Pastikan Program Food Estate Mampu Atasi Krisis Pangan

Para narasumber dalam Webinar bertema Apakah Food Estate Efektif Menghadapi Ancaman Krisis Pangan Saat Pandemi? yang digelar pada Kamis (22/7/2021).Foto: Indonesia Communications
Para narasumber dalam Webinar bertema Apakah Food Estate Efektif Menghadapi Ancaman Krisis Pangan Saat Pandemi? yang digelar pada Kamis (22/7/2021).Foto: Indonesia Communications

TROPIS.CO, JAKARTA – Pegiat lingkungan dari EcoNusa dan Pantau Gambut menilai respon pemerintah untuk menghadapi ancaman krisis pangan saat pandemi melalui program food estate belum tepat karena program tersebut dapat menimbulkan berbagai dampak serius pada lingkungan secara jangka panjang.

Keduanya mendukung lembaga negara Ombudsman untuk melakukan pengkajian lebih lanjut terhadap perencanaan dan pelaksanaan program food estate.

Data Kementerian Pertanian mencatat ketersediaan pangan masih masih aman, bahkan surplus 7,39 juta ton hingga akhir tahun 2020.

Pada akhir Juni 2021, surplus beras sebanyak 10,28 juta ton.

Di akhir Desember 2021, perkiraan suplus beras adalah sebanyak 9,62 juta ton.

Merefleksikan data tersebut, Iola menegaskan bahwa tidak ada urgensi untuk program cetak sawah baru melalui food estate untuk merespon dampak pandemi.

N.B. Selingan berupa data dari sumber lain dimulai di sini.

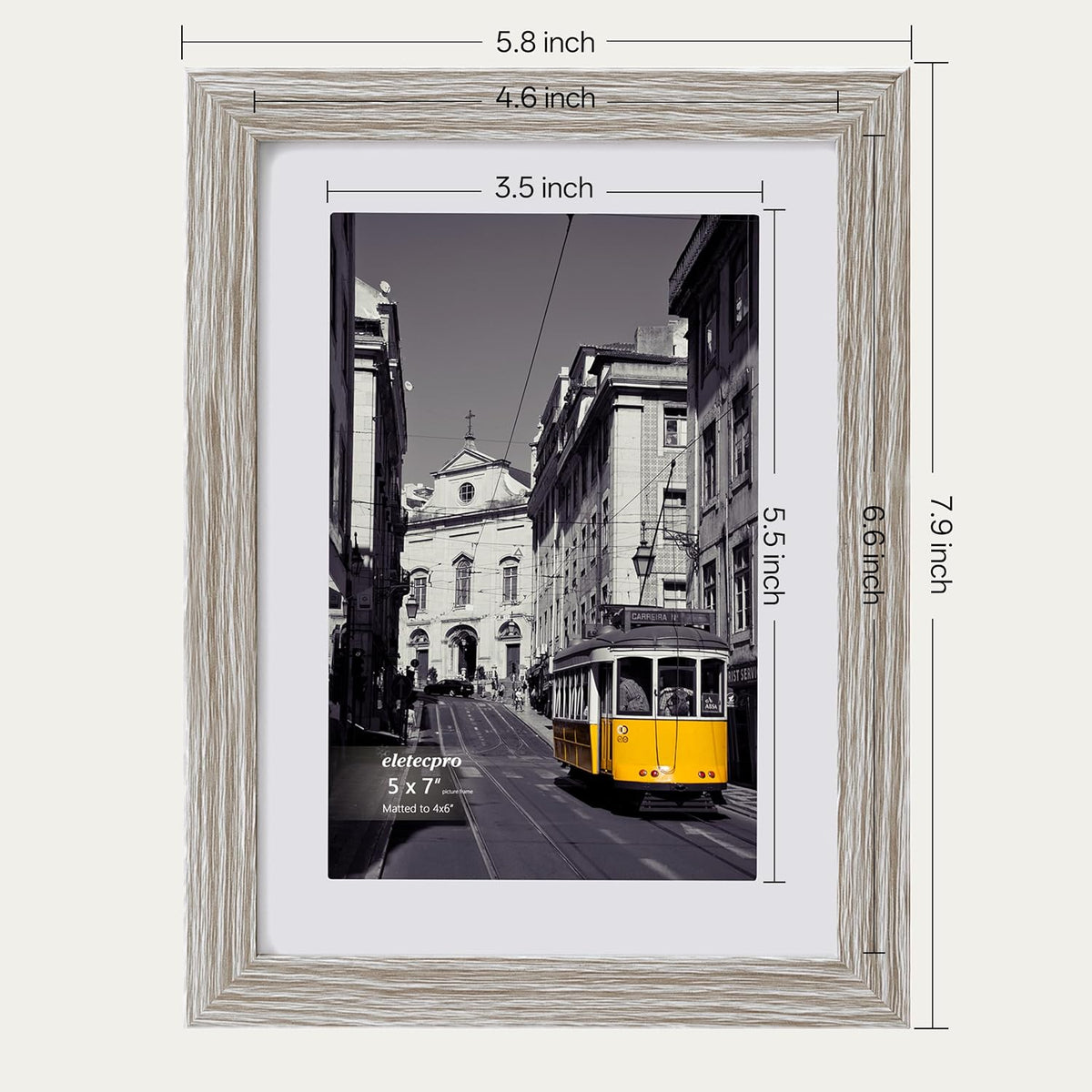 eletecpro 5x7 Picture Frames, Acrylic Cover, Beige, Set of 10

“Permasalahan akibat pandemi adalah berkurangnya akses pada pangan, sehingga rantai suplai menjadi terganggu dari sisi produsen, pemasukan, transportasi, pabrik pengolahan, pengiriman dan lainnya.”

“Hal ini yang seharusnya menjadi perhatian, bukan pada persoalan penambahan produksi,” tutur Iola Abas, Koordinator Nasional Pantau Gambut, dalam Webinar bertema Apakah Food Estate Efektif Menghadapi Ancaman Krisis Pangan Saat Pandemi? yang digelar pada Kamis (22/7/2021).

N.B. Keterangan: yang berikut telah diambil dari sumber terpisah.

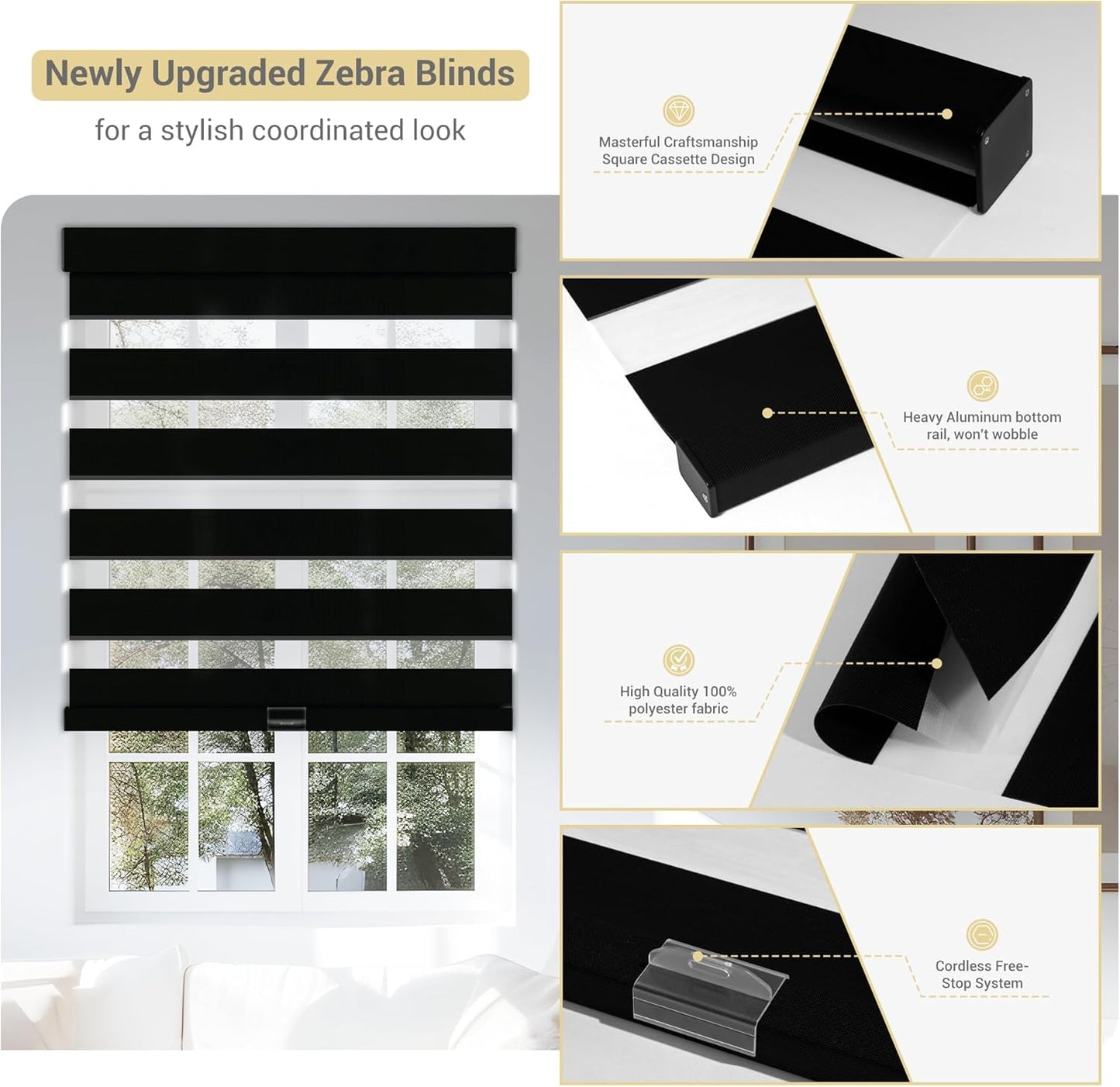 Cordless Zebra Blinds for Windows, Blackout Interior Blinds,Easy to Install,UV Protection,for Offices and Home,Custom Roller Shades, Solid Black, 81" W x 88" H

Iola juga mengkhawatirkan adanya Permen LHK Nomor 24 tahun 2020 yang muncul setelah kegiatan food estate di Kalimantan Tengan dan Sumatera Utara berjalan yang justru dapat mengancam lingkungan.

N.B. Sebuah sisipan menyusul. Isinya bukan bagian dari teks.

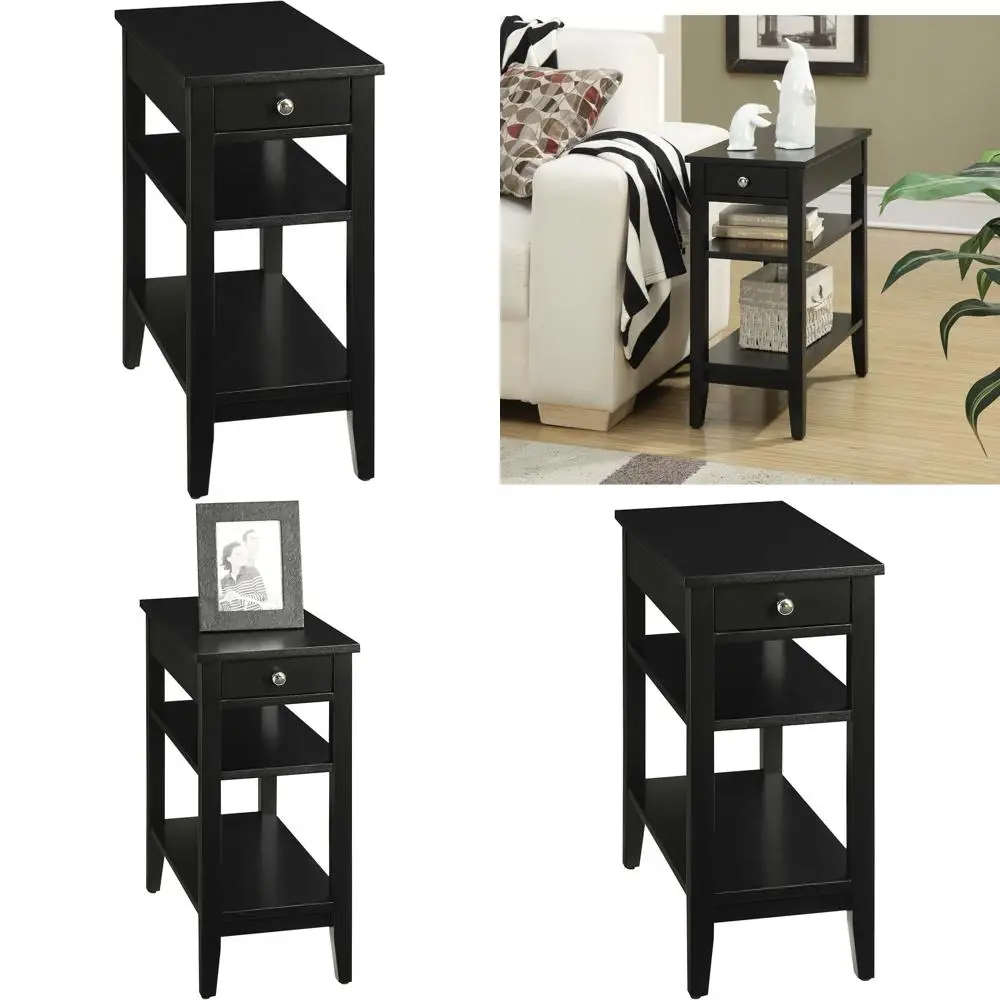 

Classic Black Chairside Table with Drawer and Storage Shelf - 23.5 Living Room and Bedroom Nightstand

Pada Pasal 19 Permen tersebut tertulis bahwa kawasan hutan lindung boleh dibuka untuk dijadikan kawasan food estate.

“Hal ini jelas bertentangan dengan UU Nomor 41 tahun 1999, Pasal 16 yang menyatakan pemanfaatan hutan lindung hanya sebatas pemanfaatan kawasan, pemanfaatan jasa lingkungan dan pemungutan hasil hutan bukan kayu.”

“Artinya penggunaan kawasan tidak boleh mengurangi fungsi utama kawasan itu sendiri,” tegas Iola.